Records shown:
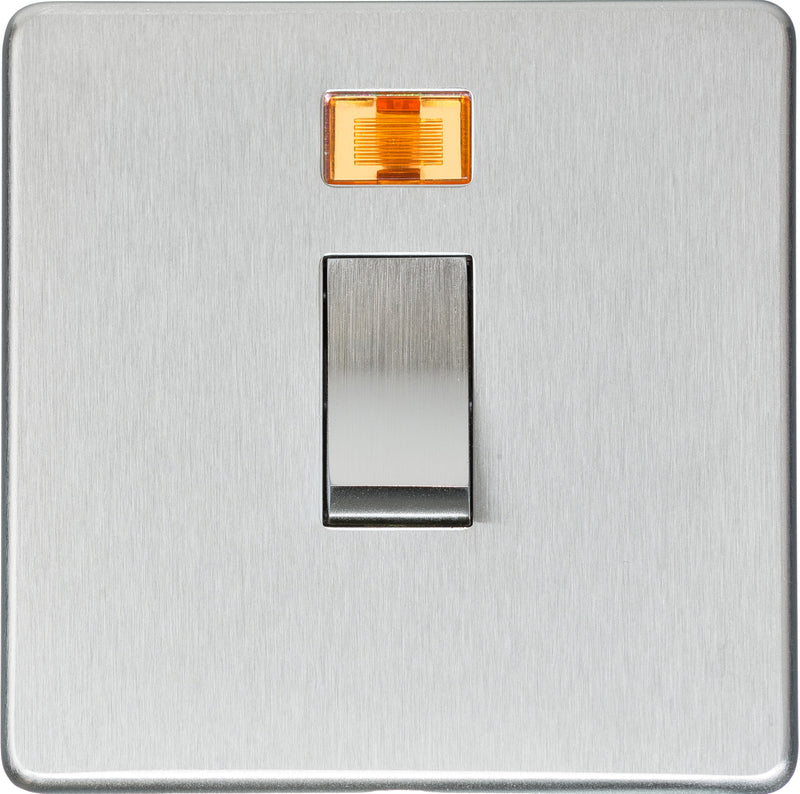 Double Pole Switch With Neon Light - Studio Concealed Fix Plate Light Switch & Socket Range - Flat Screwless Plate With Rounded Edges - Satin Chrome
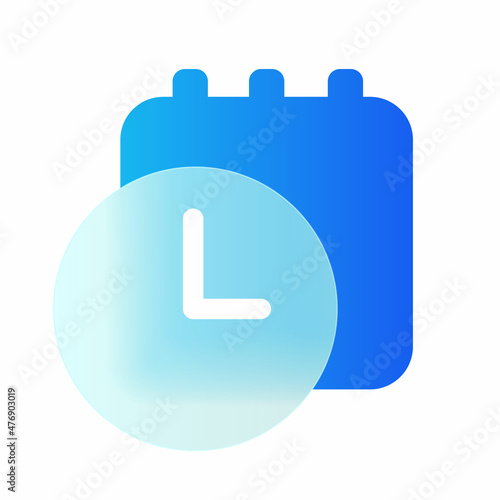 Vector modern trend icon in the style of glassmorphism with gradient, blur and transparency. calendar with clock symbol and icon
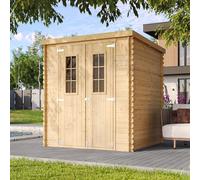 Abri de Jardin en Bois avec Sol TRAITÉ - Stockage extérieur l204xL204xH200 cm/3.53 m2- Petit abri à Outils, Local à vélos - TIMBELA M309C+M309G
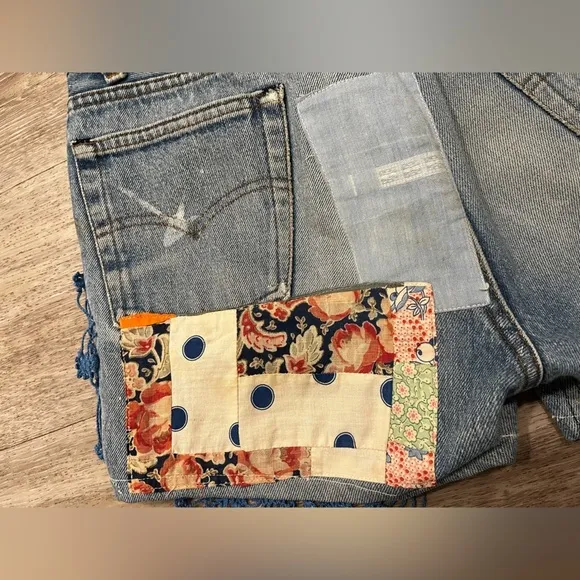 Melinda Zoller Custom Patchwork Vintage Levi's Shorts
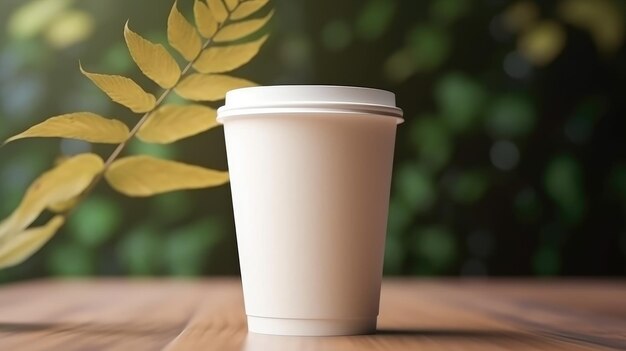 A coffee cup with a lid on it sits on a wooden table.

Exercise objective:
Everything from the line above that contains "Vector modern trend" down to the line that contains "Abri de Jardin" must be reproduced exactly, both ends included. Omit the pictures.

Answer section:
 Vector modern trend icon in the style of glassmorphism with gradient, blur and transparency. calendar with clock symbol and icon
 Abri de Jardin en Bois avec Sol TRAITÉ - Stockage extérieur l204xL204xH200 cm/3.53 m2- Petit abri à Outils, Local à vélos - TIMBELA M309C+M309G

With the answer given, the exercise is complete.